Records from a data source
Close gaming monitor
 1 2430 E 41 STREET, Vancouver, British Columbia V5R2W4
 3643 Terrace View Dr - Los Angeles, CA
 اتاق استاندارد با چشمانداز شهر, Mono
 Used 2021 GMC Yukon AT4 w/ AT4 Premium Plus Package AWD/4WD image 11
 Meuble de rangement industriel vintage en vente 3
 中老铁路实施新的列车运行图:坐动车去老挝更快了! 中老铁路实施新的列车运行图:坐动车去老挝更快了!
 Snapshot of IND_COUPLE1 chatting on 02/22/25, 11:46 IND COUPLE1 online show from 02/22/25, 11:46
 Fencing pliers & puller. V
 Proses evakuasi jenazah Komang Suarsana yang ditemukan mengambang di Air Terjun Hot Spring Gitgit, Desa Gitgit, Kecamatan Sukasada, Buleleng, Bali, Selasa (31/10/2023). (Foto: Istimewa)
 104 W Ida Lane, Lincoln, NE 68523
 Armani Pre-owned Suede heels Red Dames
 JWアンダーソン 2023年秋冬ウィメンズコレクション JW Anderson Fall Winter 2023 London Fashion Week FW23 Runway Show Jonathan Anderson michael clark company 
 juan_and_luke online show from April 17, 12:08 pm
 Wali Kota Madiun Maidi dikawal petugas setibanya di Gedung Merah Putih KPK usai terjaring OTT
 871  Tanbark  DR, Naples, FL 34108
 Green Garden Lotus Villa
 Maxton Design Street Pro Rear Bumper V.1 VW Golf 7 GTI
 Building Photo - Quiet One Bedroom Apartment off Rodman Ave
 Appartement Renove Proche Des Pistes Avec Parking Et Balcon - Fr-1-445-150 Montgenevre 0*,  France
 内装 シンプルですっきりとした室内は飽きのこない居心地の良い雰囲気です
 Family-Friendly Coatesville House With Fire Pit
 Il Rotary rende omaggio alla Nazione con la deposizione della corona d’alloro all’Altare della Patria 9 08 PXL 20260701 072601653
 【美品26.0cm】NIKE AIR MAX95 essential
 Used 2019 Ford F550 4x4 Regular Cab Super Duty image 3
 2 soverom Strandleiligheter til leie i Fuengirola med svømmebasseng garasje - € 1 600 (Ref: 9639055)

(Task instructions) With the first line being the one containing "juan_and_luke online show" and the last line the one containing "Building Photo - Quiet", transcribe exactly the lines above that fall in that range.

(Exercise solution)
 juan_and_luke online show from April 17, 12:08 pm
 Wali Kota Madiun Maidi dikawal petugas setibanya di Gedung Merah Putih KPK usai terjaring OTT
 871  Tanbark  DR, Naples, FL 34108
 Green Garden Lotus Villa
 Maxton Design Street Pro Rear Bumper V.1 VW Golf 7 GTI
 Building Photo - Quiet One Bedroom Apartment off Rodman Ave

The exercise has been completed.